Many patients have a misperception that their dental insurance works like their medical insurance. After paying a deductible, their oral needs are taken care of. The reality is your dental insurance is more like Triple A (AAA). It will help you fix a flat, but not get you new tires. The same is true of your dental insurance. They will help you fix a pressing problem, but do not help in maintaining optimum oral health. The plan will tell you how much benefit you will receive a year and what procedures are covered.
Sound OK?
The sad truth is insurance only covers what is on the contract for your plan not whether it is needed or best. The list of what is covered is negotiated between the insurance company and typically an employer’s health benefits plan administrator. Premiums are directly related to what services are covered. The more that is covered, the more the premium costs. With rapidly rising health care costs, many companies are looking for ways to lower premiums for their employee benefit packages. Moving to cheaper and cheaper dental benefits helps, but the patient unwittingly pays the price in less than optimum care.

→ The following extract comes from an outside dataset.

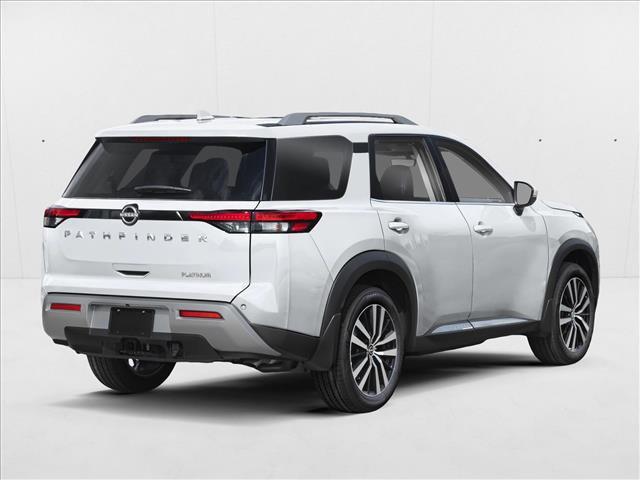 new 2025 Nissan Pathfinder car, priced at $52,930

One way of lowering dental premium costs is by dictating which dentist the patient must go to. The dentists who sign up for these plans, in essence, pays for part of the insurance premium decrease by accepting lower fees. Now the dentist must look for ways to cut costs. How do they do this? One way is the dentist can no longer afford to attend the high quality continuing education that is available. Dentistry is constantly changing and getting better but these dentists can’t take full advantage of it. These dentists must go to dental labs that charge less for their crowns and bridges. We all have heard in the news of dental labs getting crowns from China that have lead in them. You get what you pay for!!
Insurance companies, in an effort to keep down costs, deny and delay insurance claims. They are then able to keep the money they receive from premiums for a longer period of time which makes them even more money. And they are very good at it. Just look at the most beautiful buildings in a city and they are often owned by insurance companies!

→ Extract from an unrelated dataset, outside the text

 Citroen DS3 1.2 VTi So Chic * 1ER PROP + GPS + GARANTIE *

An excellent option for dental health insurance is called Direct Reimbursement (DR). With DR, as much as 88 – 90 cents of every premium dollar goes toward patient care. This is in contrast to 55 cents of every dollar in other traditional dental insurance plans. In addition, you can choose the dentist and decide what care you would like. To find out more about these benefits, go to the American Dental Association website and type in “direct reimbursement” in the search area. Their number is 800-232-1890 for you or your human resources person to call to get more information. Bottom line? Freedom of choice to choose your dentist and your care.
So what can you do to help avoid costly dental bills?

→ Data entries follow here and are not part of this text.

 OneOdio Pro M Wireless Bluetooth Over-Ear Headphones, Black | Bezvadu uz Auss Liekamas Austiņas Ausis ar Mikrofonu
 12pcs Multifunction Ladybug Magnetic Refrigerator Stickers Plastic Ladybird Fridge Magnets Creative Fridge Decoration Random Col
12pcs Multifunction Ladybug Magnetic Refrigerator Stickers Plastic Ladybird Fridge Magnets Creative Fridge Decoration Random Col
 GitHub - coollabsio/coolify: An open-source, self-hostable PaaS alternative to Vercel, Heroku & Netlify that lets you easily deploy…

The single most important part of your dental health is keeping your gums healthy. This means flossing and brushing very well at least one time a day. With healthy gums the jaw bones stay strong and can support your teeth for a lifetime.
The second most important thing is to remove large, old amalgam fillings. They break the teeth down over time. The longer they are left in place, the higher the likelihood of causing more extensive damage like cracking the tooth.
So, keep current with your dental needs and always take very good care of your mouth.